If there were going to be large freedoms she was determined to enjoy them too. She wasn’t going to be perched, swaying perilous in the changing jungle like a little monkey dropped from a tree on to an elephant’s head—and possibly clinging to some large ear.
She was the same through and through. You could go on cutting slice after slice and you knew you would never light upon a plum or a cherry or even a piece of peel.
Our friends are only a more or less imperfect embodiment of our ideas...
Journals of famous people are tricky mixed bags. Way too many pages are given over to writing about how one’s stomach hurts and how dreary it is to be cooped up sick in bed...since that’s when people tend to write in their journals. When they have enough energy to open a book and write, but not enough to go out and do things.
Mansfield’s journal is interesting in that it’s full of vignettes like those quoted above, maybe snippets that she was saving to put into her stories. It’s interesting to me, to see the world through the eye of another, creative person.
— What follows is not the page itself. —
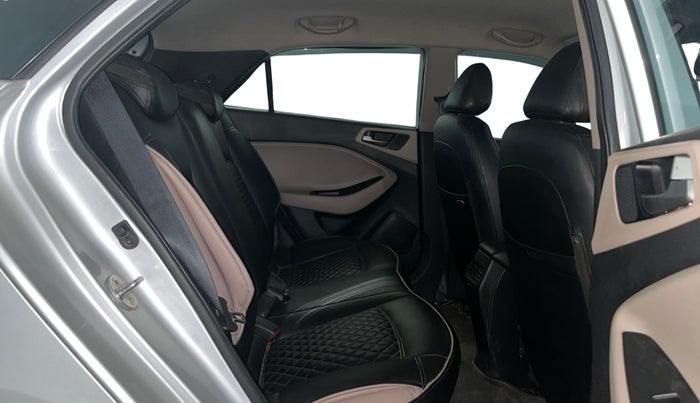 2015 Hyundai Elite i20 ASTA 1.2, Petrol, Manual, 54,223 km, Right Side Rear Door Cabin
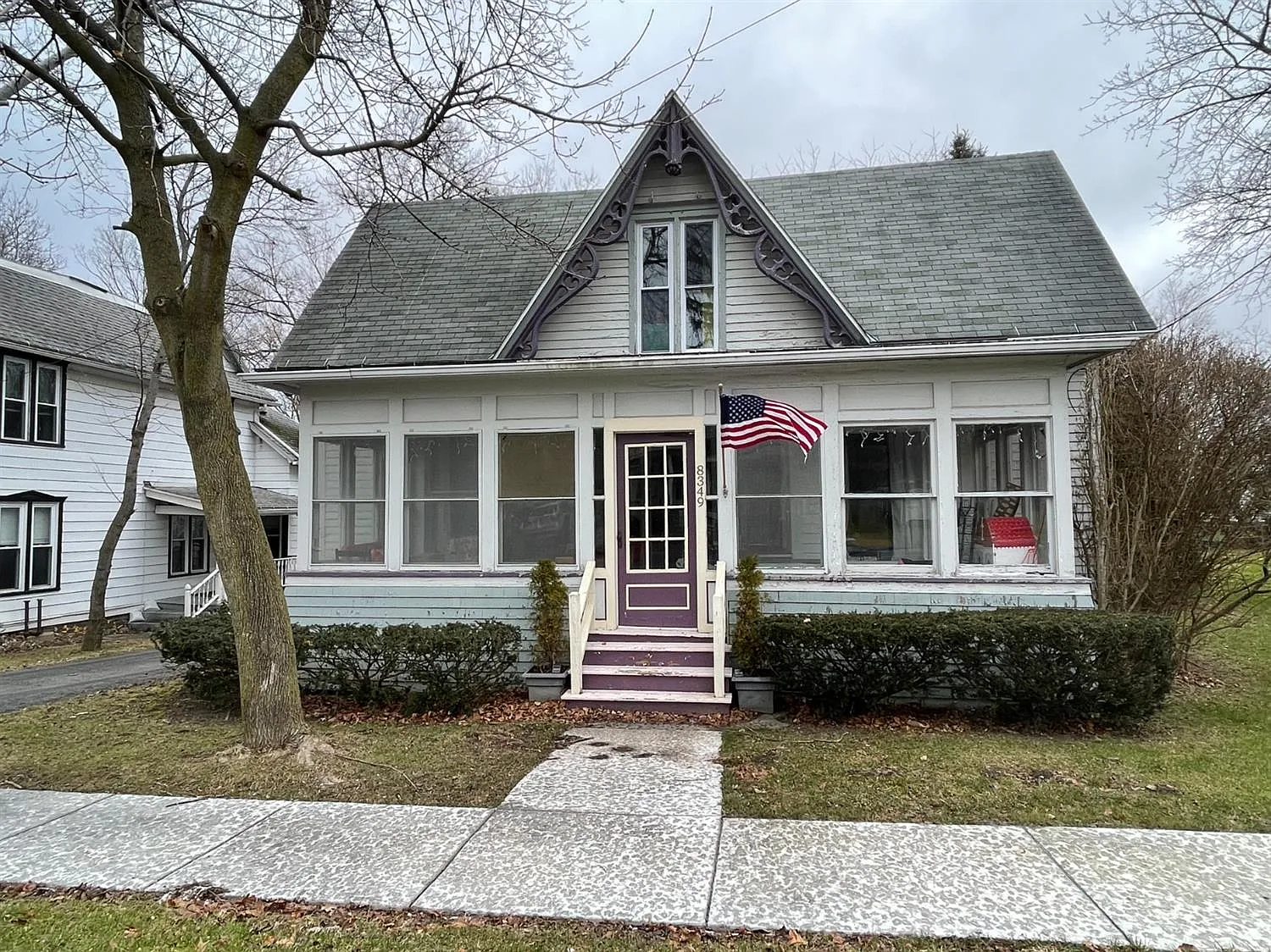 8349 Main St photo 1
Among the snippets are a couple of longer anecdotes, the longest of which is the nightmarish life experience of a cook in a household Mansfield stayed at.
Foster Step Parents: What Maisie Knew, by Henry James
Maisie was not at the moment so fully conscious of them as of the wonder of Moddle’s sudden disrespect and crimson face; but she was able to produce them in the course of five minutes when, in the carriage, her mother, all kisses, ribbons, eyes, arms, strange sounds and sweet smells, said to her, “And did your beastly papa, my precious angel, send any message to your own loving mamma?” Then it was that she found the words spoken by her beastly papa to be, after all, in her little bewildered ears, from which, at her mother’s appeal, they passed, in her clear shrill voice, straight to her little innocent lips. “He said I was to tell you, from him,” she faithfully reported, “that you are a nasty horrid pig.”
Henry James often puts me straight to sleep; this one, shorter than most of his novels, did not. The exposition is shorter than usual, and the stage is quickly set for a drama more relevant to today's world of many broken families than it was a century ago, when divorce was much less common.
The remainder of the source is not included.